The United Nations Development Programme (UNDP) and the Jaroslav Černi Institute for the Development of Water Resources signed today in Belgrade the contract to carry out the Study on Flood Management Improvement in the Kolubara River Basin which had been hit hardest in the floods last year.
The study will show which measures should be implemented to reduce the risk of floods and possible damage to infrastructure and also develop the system to protect flood risk areas in the Kolubara River Basin. The study is the first step towards a more efficient flood management planning in this basin, and also a more focused work on flood prevention measures.
The study is a part of the project funded by the Government of Japan in the amount of USD 3.6 million, and implemented by the UNDP and the Serbian Government’s Office for Reconstruction and Flood Relief whose Director Marko Blagojević said that the donation made Japan the biggest bilateral donor to Serbia following the floods.
Speaking with journalists in the seat of the Serbian Government, Director of the Office for Reconstruction and Flood Relief Marko Blagojević said that the damage caused by the devastating floods in May last year to the Kolubara River Basin made 60 percent of the total damage caused to the entire territory of Serbia.
“The total damage from flooding in May last year was more than EUR 1.7 billion. The Kolubara River Basin only suffered an estimated EUR 900 million to one billion in damage”, said Blagojević.
He stressed that, according to rough estimates, EUR 110 million would be required to construct a system to protect the municipalities in the Kolubara River Basin.

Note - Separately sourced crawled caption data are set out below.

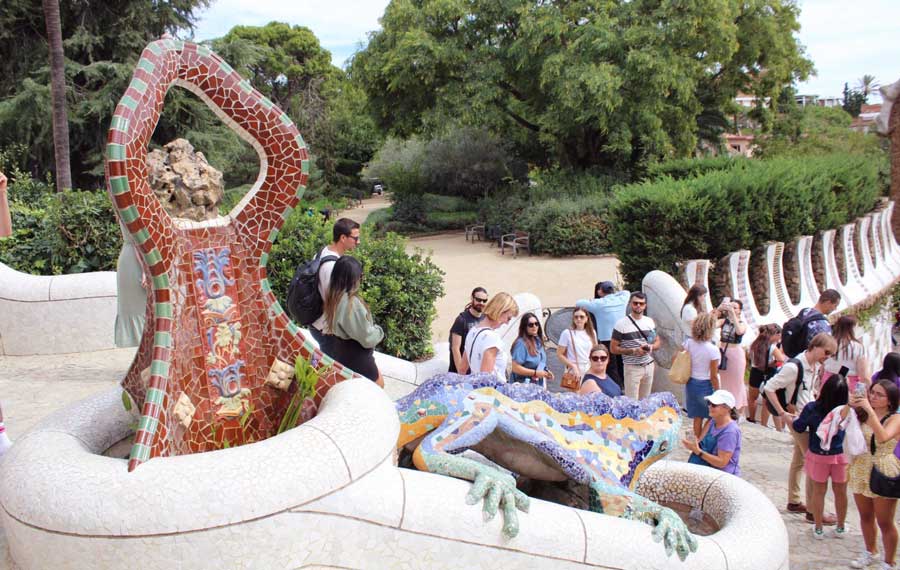 View of tourists visiting Park Guell during summer season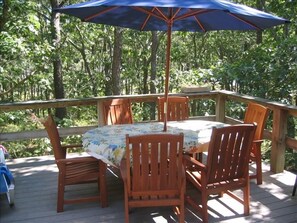 Teak dining table with umbrella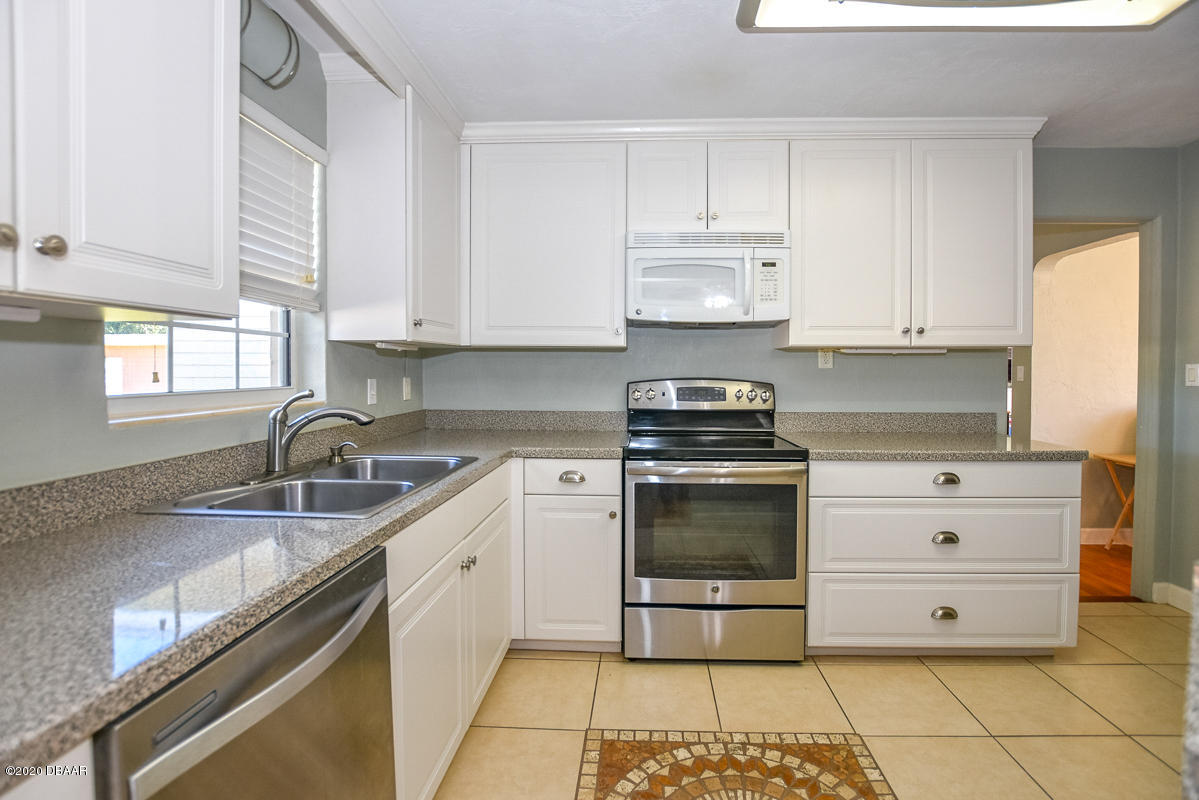 1509 Ridge Avenue Holly Hill, FL 32117 - Photo 11 of 40 a kitchen with granite countertop a stove sink and cabinets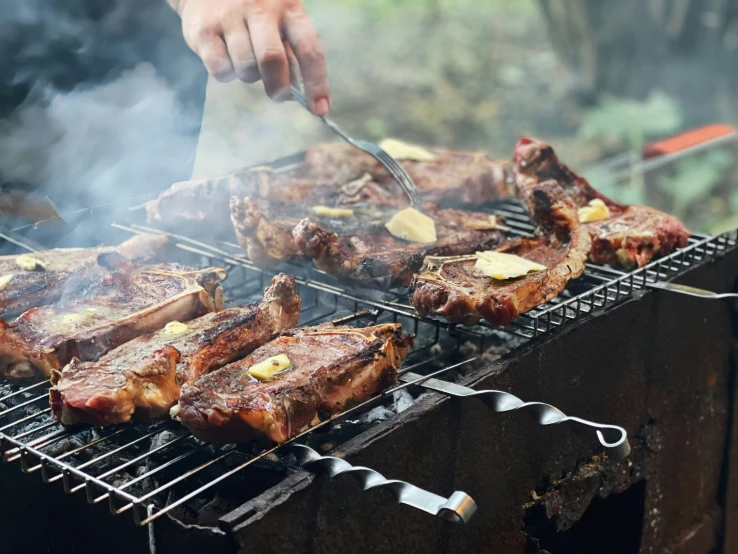 a grill with steaks on it is being grilled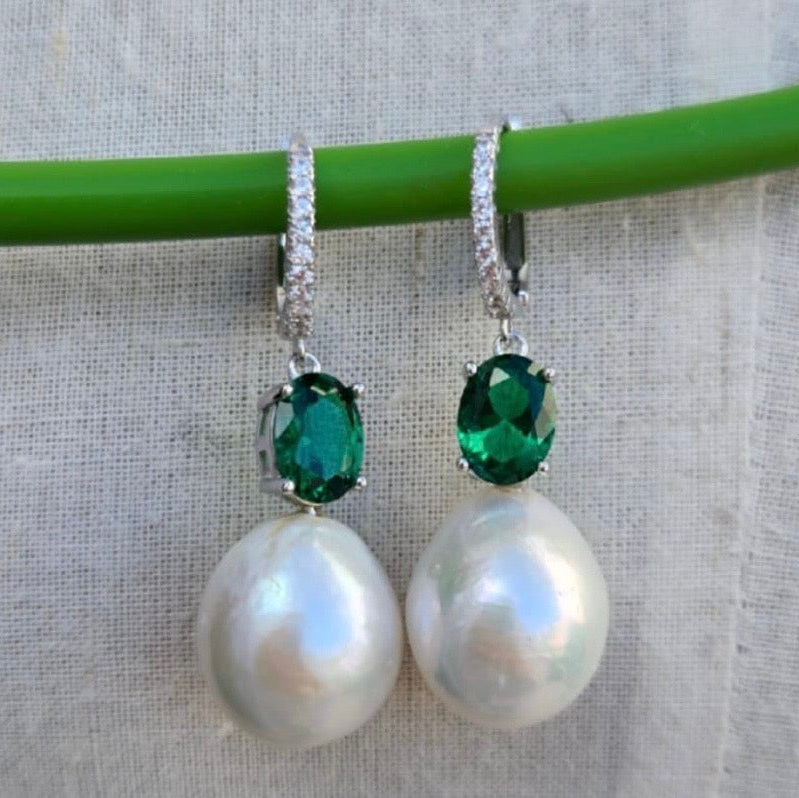 Pearl earrings with green gemstones on a gray background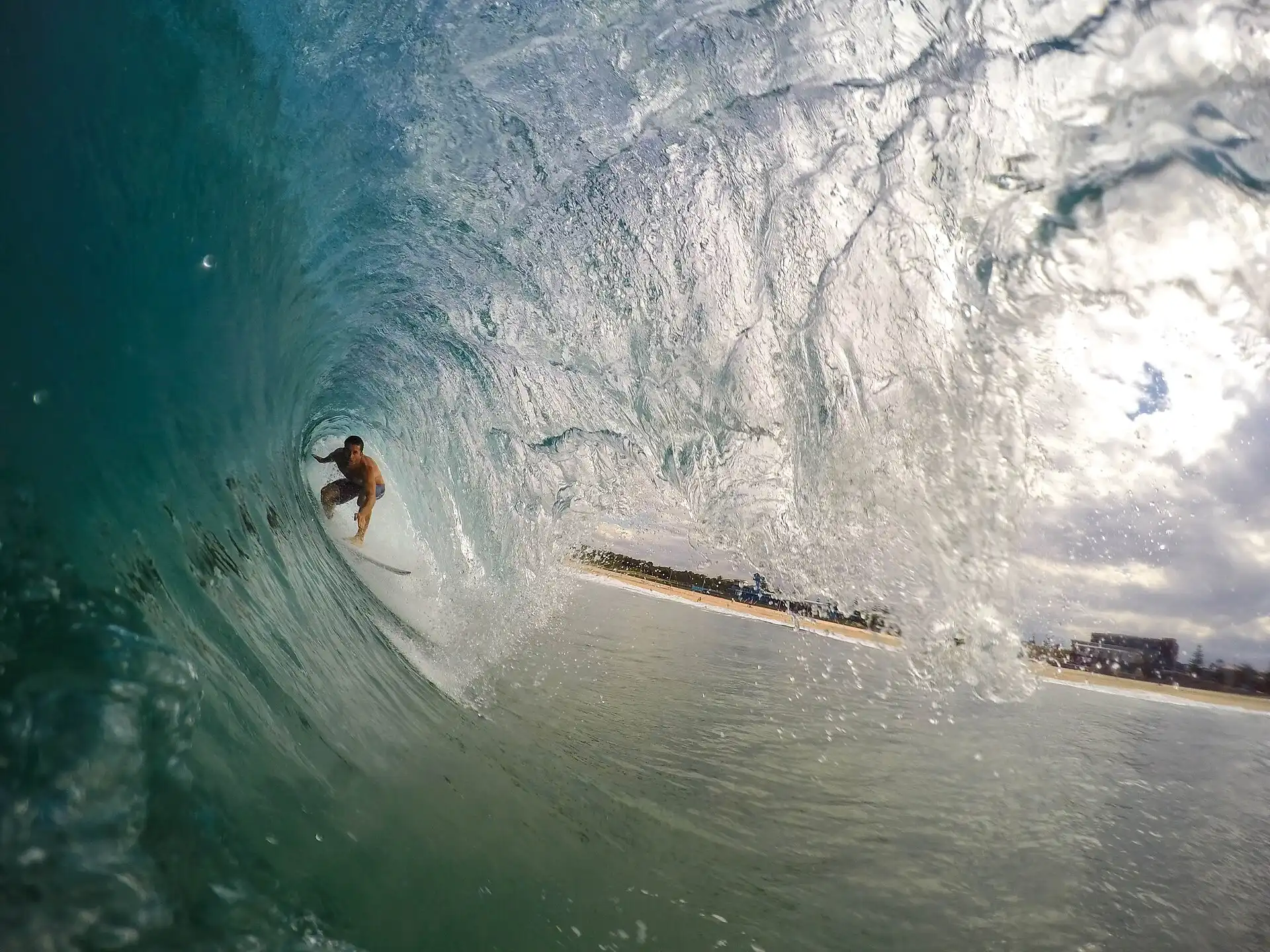 A surfer crouched inside the barrel of a breaking wave.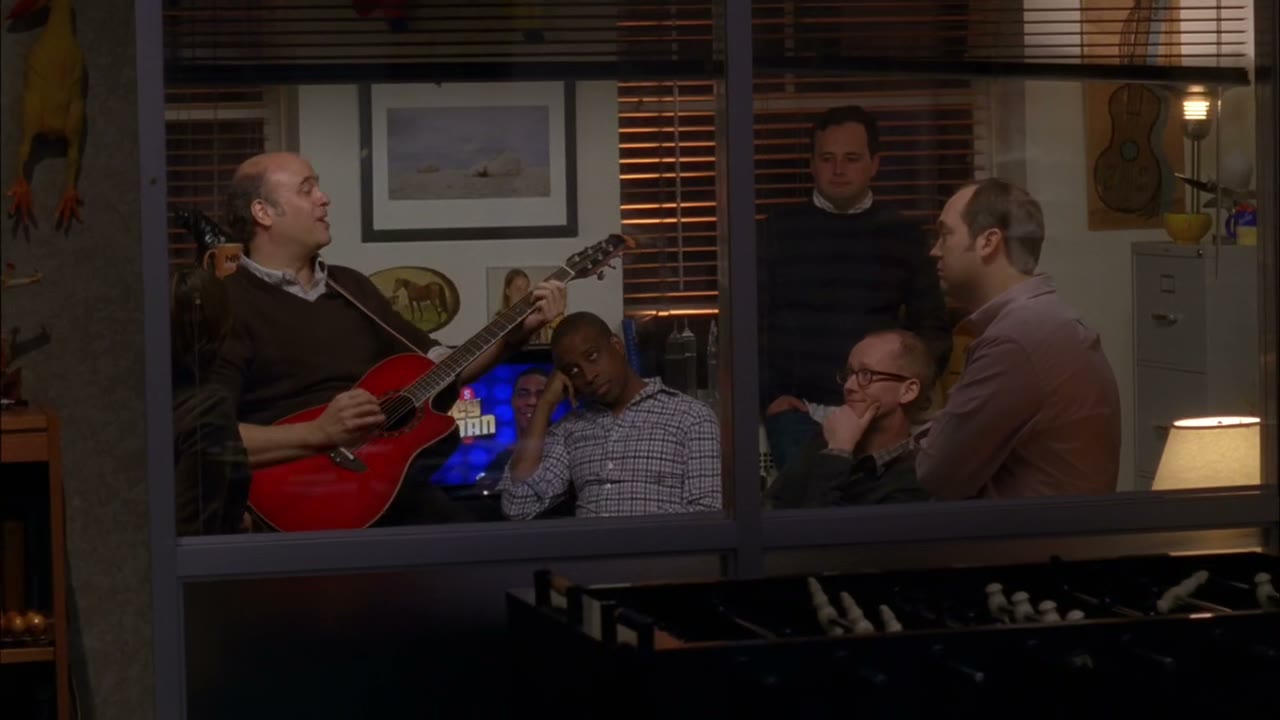 - ♪ Sing us a song, you're the guitar man ♪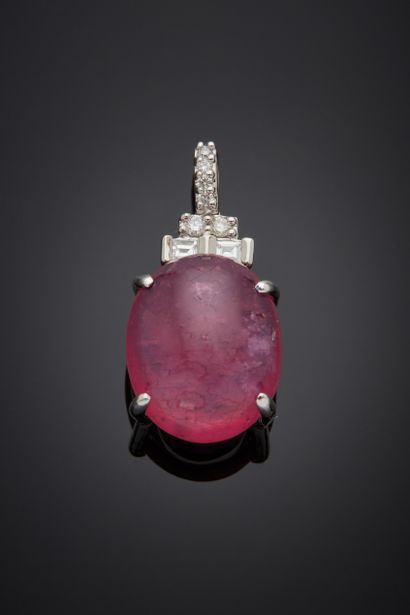 null White gold (750‰) pendant set with an oval cabochon-treated ruby, weighing approximately...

“It will take years to implement the project”, said Blagojević, underlining that only 19 dams had been built in Serbia in the last 20 years, whereas as many as 23 would be constructed this year alone.
He added that the Bill on Disaster Risk Management which would represent a comprehensive system and ensure Serbia’s readiness to face the situations such as the flooding in May 2014 should be included in the National Assembly procedure this autumn.
UNDP Resident Representative in Serbia Irena Vojačkova-Sollorano underscored that the project was aimed at long-term planning of measures to prevent or at least mitigate natural disaster consequences.
Japanese Ambassador to Belgrade Juichi Takahara said that flood prevention efforts in Serbia require long-term solutions and that the project would help the most vulnerable municipalities prepare engineering documents required for the construction of flood prevention systems, thus ensuring greater safety of people and lower flood risk level.
He stressed that the people of Japan still remembered Serbia’s assistance following the devastating tsunami, stating that the financial support of Japan, the country which was also “constantly grappling with natural disasters”, was the expression of solidarity and assistance for the Serbian people.
The project partners jointly called for partnership to implement the project, since an efficient and high-quality work on the study requires cooperation of several government institutions, including the Ministry of Construction, Transport and Infrastructure, Ministry of Agriculture and Environmental Protection, Kolubara Mining Basin, Republic Hydrometeorological Service of Serbia and 16 local self-governments located in the Kolubara River Basin.